Skip the pictures and give back the rest of the listing exactly.

== Available data ==

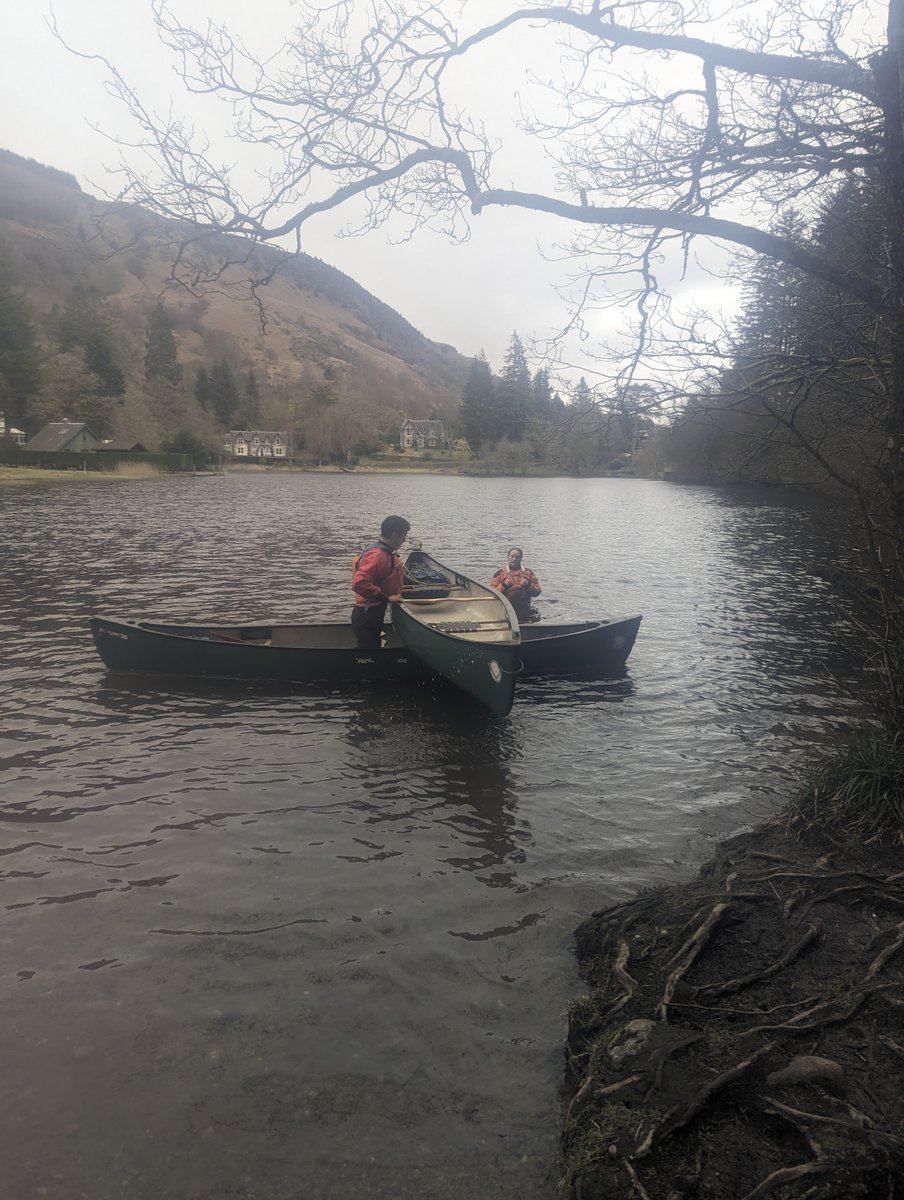 Our team set out to take part in Canoeing Staff Training. Getting familiar with Loch Ard, following with rescue skills practise. We are consistently eager to acquire fresh knowledge and further refining our existing expertise.

#canoeing #lochard #stafftraining #soecdounans #cpd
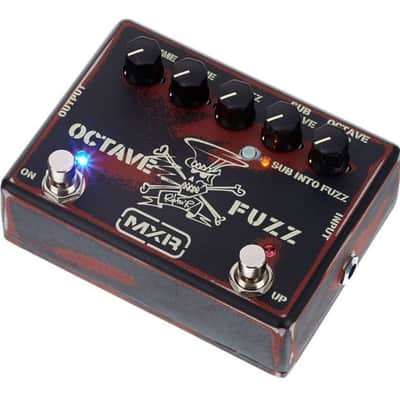 MXR Custom Shop SF01 Slash Octave Fuzz pedal image 8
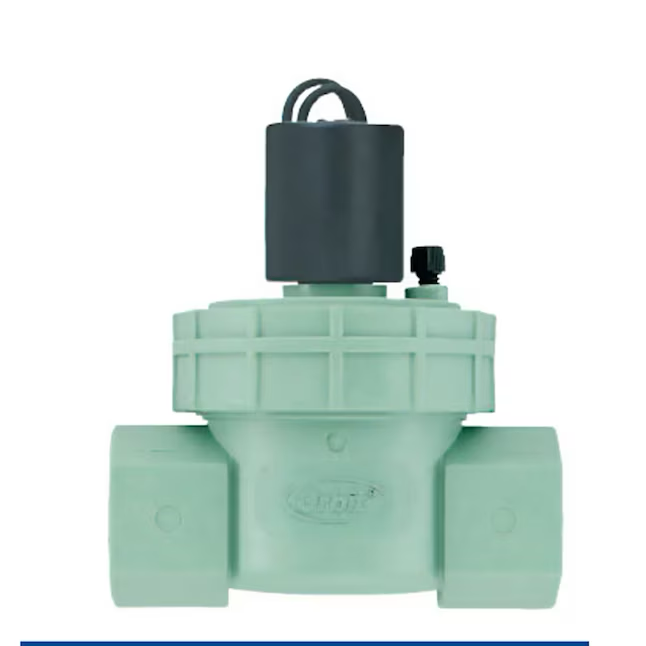 Orbit 0.75-in Plastic Electric Inline Irrigation Valve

===

* **Output**
 Our team set out to take part in Canoeing Staff Training. Getting familiar with Loch Ard, following with rescue skills practise. We are consistently eager to acquire fresh knowledge and further refining our existing expertise.

#canoeing #lochard #stafftraining #soecdounans #cpd
 MXR Custom Shop SF01 Slash Octave Fuzz pedal image 8
 Orbit 0.75-in Plastic Electric Inline Irrigation Valve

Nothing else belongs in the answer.